The Tubbataha Reefs Natural Park (Filipino: Bahurang Tubbataha) is a protected area of the Philippines located in the middle of the Sulu Sea. The marine and bird sanctuary consists of two huge atolls (named the North Atoll and South Atoll) and the smaller Jessie Beazley Reef covering a total area of 97,030 hectares (239,800 acres; 374.6 sq mi). It is located 150 kilometres (93 mi) southeast of Puerto Princesa City, the capital of Palawan province. The uninhabited islands and reefs are part of the island municipality of Cagayancillo, Palawan, located roughly 130 kilometres (81 mi) to the northeast of the reef.
In December 1993, the UNESCO declared the Tubbataha Reefs National Park as a World Heritage Site as a unique example of an atoll reef with a very high density of marine species; the North Islet serving as a nesting site for birds and marine turtles. The site is an excellent example of a pristine coral reef with a spectacular 100-m perpendicular wall, extensive lagoons and two coral islands.In 1999, Ramsar listed Tubbataha as one of the Wetlands of International Importance. In 2008, the reef was nominated at the New 7 Wonders of Nature.

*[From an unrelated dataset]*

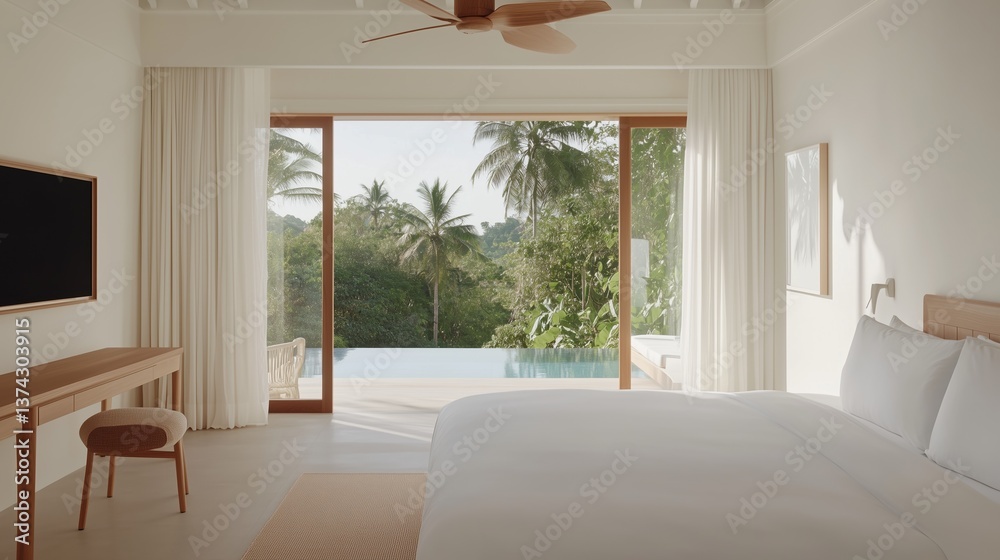 Fototapeta premium A bedroom with a large window overlooking a pool and a lush green forest. The room is decorated in a minimalist style with white walls and a wooden desk. The bed is neatly made with white sheets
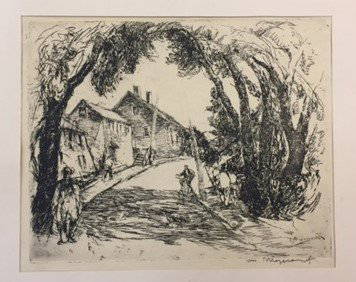 William Meyerowitz (American, 1887-1981)- Etching: Cottages by a forested road, signed lower right in plate in backwards lettering, further signed lower right in pencil, and dedicated "to Mina" lower left in pencil. Image: 8" H X 9.75" W; mat: 14" X 1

The national park and the rest of the Philippine archipelago is part of the Coral Triangle, recognized as a center of marine biodiversity containing 75% of the described coral species and 40% of the world’s reef fish. The area is under a grave threat due to overfishing and destructive fishing practices. Research of scientists visiting the reefs since the 1980s revealed that the Tubbataha Reefs Natural Park contains no less than 600 fish species, 360 coral species, 11 shark species, 13 dolphin and whale species, and 100 bird species. The reefs also serve as a nesting ground for Hawksbill and Green sea turtles.